Records contained in a dataset

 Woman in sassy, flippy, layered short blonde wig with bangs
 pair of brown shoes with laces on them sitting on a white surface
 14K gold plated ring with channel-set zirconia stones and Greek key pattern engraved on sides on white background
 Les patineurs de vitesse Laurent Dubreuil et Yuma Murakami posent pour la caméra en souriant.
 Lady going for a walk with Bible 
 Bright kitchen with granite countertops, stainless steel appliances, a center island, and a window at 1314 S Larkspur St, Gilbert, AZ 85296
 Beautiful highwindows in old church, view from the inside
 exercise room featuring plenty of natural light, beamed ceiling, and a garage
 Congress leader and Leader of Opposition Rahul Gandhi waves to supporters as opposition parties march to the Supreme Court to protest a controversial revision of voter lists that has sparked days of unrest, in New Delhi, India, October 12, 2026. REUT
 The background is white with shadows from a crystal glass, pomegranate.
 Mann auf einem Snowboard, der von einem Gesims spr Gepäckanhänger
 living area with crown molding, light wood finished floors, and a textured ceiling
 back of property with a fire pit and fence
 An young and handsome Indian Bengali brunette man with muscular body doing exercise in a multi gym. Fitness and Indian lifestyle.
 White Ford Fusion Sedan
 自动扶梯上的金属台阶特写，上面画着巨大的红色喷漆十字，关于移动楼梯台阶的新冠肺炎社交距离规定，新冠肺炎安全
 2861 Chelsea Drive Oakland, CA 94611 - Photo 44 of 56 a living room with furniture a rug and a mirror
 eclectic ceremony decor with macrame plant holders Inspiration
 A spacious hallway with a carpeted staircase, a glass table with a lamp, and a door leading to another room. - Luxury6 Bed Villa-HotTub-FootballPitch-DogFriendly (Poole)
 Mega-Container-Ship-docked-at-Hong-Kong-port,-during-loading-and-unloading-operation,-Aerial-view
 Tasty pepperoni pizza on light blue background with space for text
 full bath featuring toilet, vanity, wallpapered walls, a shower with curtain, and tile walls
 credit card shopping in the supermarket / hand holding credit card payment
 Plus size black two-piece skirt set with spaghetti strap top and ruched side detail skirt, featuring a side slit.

◆ Goal of the exercise: Restate the records above verbatim up to and including the line containing "Lady going for a walk with Bible".

◆ Result of the exercise:
 Woman in sassy, flippy, layered short blonde wig with bangs
 pair of brown shoes with laces on them sitting on a white surface
 14K gold plated ring with channel-set zirconia stones and Greek key pattern engraved on sides on white background
 Les patineurs de vitesse Laurent Dubreuil et Yuma Murakami posent pour la caméra en souriant.
 Lady going for a walk with Bible 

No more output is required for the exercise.